Condensative stream query language for data streams

  • Authors:
  • Lisha Ma;Werner Nutt;Hamish Taylor

  • Affiliations:
  • Heriot-Watt University, Edinburgh, UK;Free University of Bozen-Bolzano, Italy;Heriot-Watt University, Edinburgh, UK

  • Venue:
  • ADC '07 Proceedings of the eighteenth conference on Australasian database - Volume 63
  • Year:
  • 2007

Quantified Score

Hi-index 0.00

Visualization

Abstract

In contrast to traditional database queries, a query on stream data is continuous in that it is periodically evaluated over fractions (sliding windows) of the data stream. This introduces challenges beyond those encountered when processing traditional queries.

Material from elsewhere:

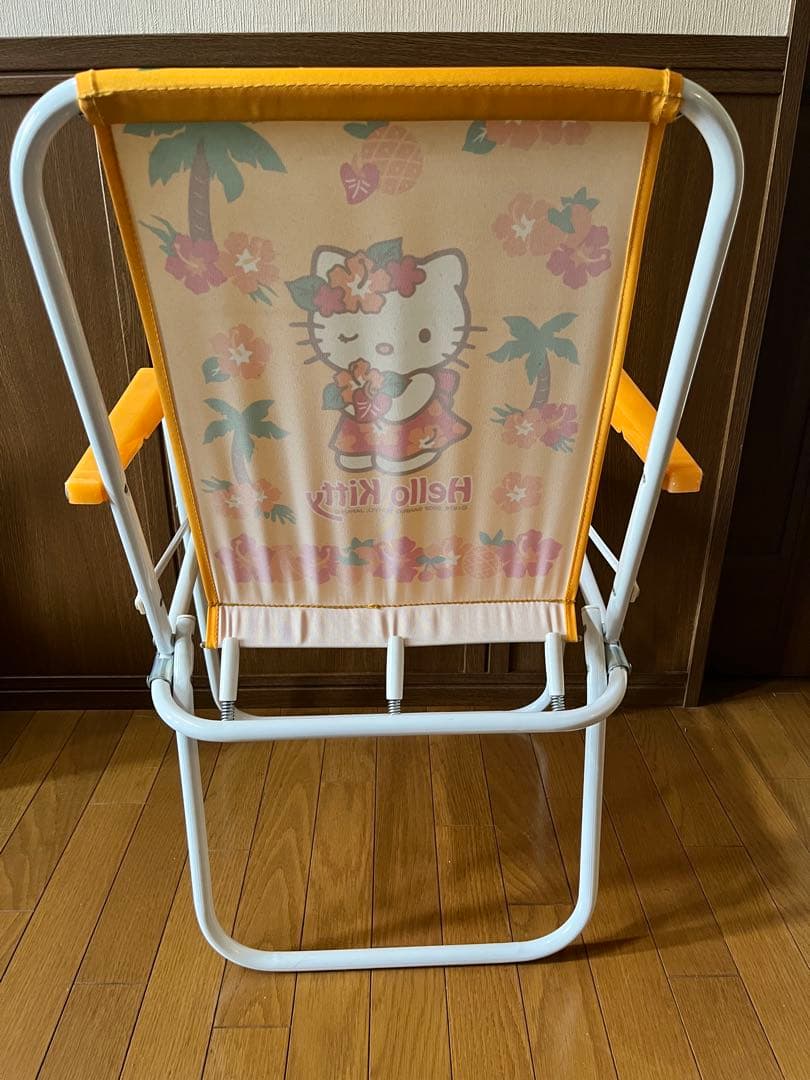 美品　激レア　ハローキティ アウトドアチェア　折り畳み椅子　2002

Over a traditional DBMS (Database Management System), the answer to an aggregate query is usually much smaller than the answer to a similar non-aggregate query making query processing condensative. Current proposals for declarative query languages over data streams do not support such condensative processing. Nor is it yet well understood what query constructs and what semantics should be adopted for continuous query languages. In order to make existing stream query languages more expressive, a novel stream query language CSQL (Condensative Stream Query Language) are proposed over a sequence-based stream model (Ma & Nutt 2005). It is shown that the sequence model supports a precise tuple-based semantics that is lacking in previous time-based models, and thereby provides a formal semantics to understand and reason about continuous queries. CSQL supports sliding window operators found in previous languages and processes a declarative semantics that allows one to specify and reason about the different meanings of the frequency by which a query returns answer tuples, which are beyond previous query languages over streams. In addition, a novel condensative stream algebra is defined by extending an existing stream algebra with a new frequency operator, to capture the condensative property. It is shown that a condensative stream algebra enables the generation of efficient continuous query plans, and can be used to validate query optimisation. Finally, it is shown via an experimental study that the proposed operators are effective and efficient in practice.